Gertrud bekam dort Unterricht in den Grundlagen der artes liberales – Grammatik, Rhetorik, Logik – und lernte die Schriften der Kirchenväter kennen.

Gertrud legte als Lehrerin und Interpretin für ihre Schwestern komplexe theologische Texte aus, verfasste Gebete und schrieb Briefe. Von ihren Schriften sind außer dem Legatus nur die Exercitia spiritualia (Geistliche Übungen) erhalten; auch die mystischen Erfahrungen der Mechthild von Hackeborn, bekannt als Liber specialis gratiae, wurden wohl von Gertrud u.a. aufgeschrieben.

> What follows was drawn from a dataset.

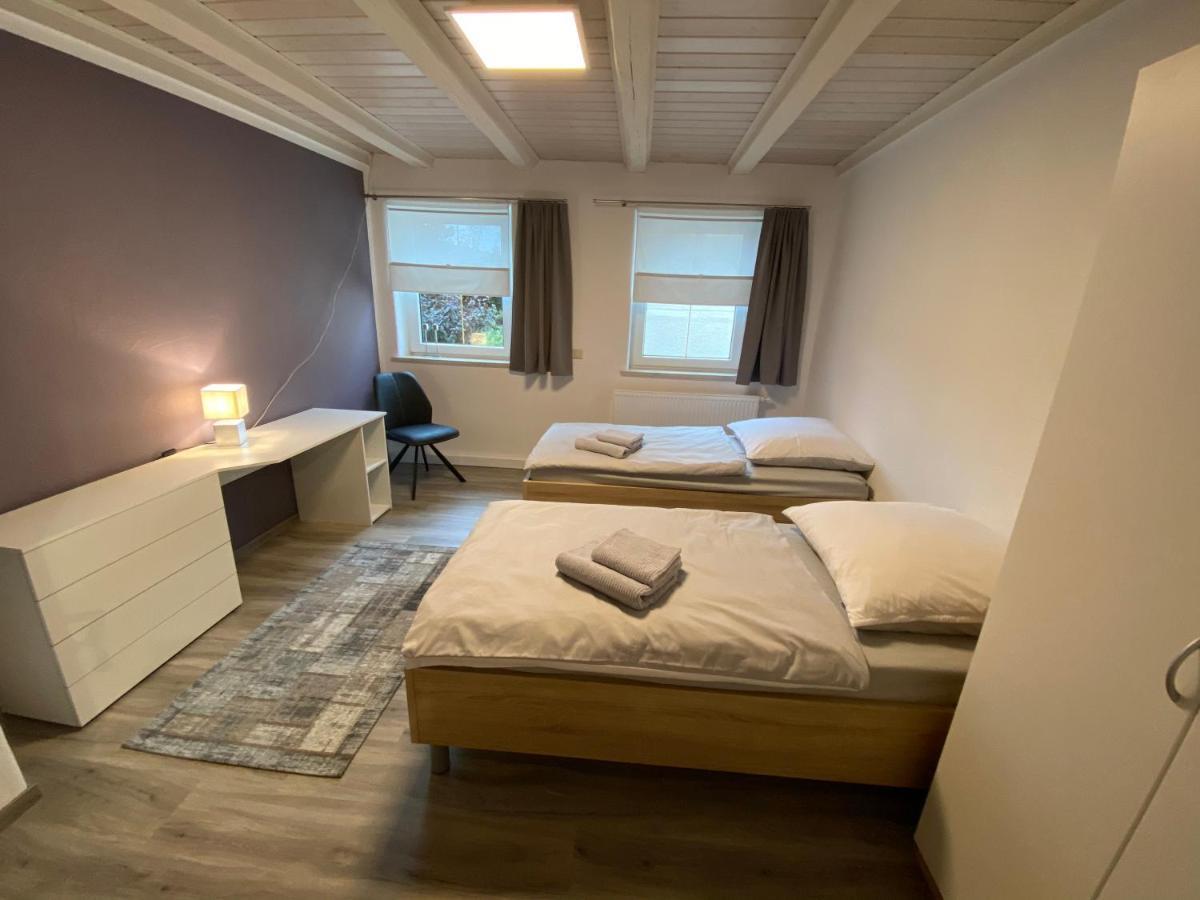 Gaestezimmer Kirchdorf Unteropfingen Exteriér fotografie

Gertrud wurde von Mitschwestern wie von Außenstehenden vor allem als geistliche Ratgeberin und Fürbitterin aufgesucht. Ihr positives Bild einer Gottheit mit den menschlichen Zügen eines Freundes, einer Mutter oder eines Gatten ist typisch für die Spiritualität des 13. Jahrhunderts. Einzigartig unter den Mystikerinnen ist allerdings ihre selbstbewusste weibliche Stimme. Kraft ihrer inneren Freiheit und Zuversicht kritisierte sie auch furchtlos reformbedürftige Aspekte der Kirche – z.B. den Reliquienkult und den Ablassverkauf.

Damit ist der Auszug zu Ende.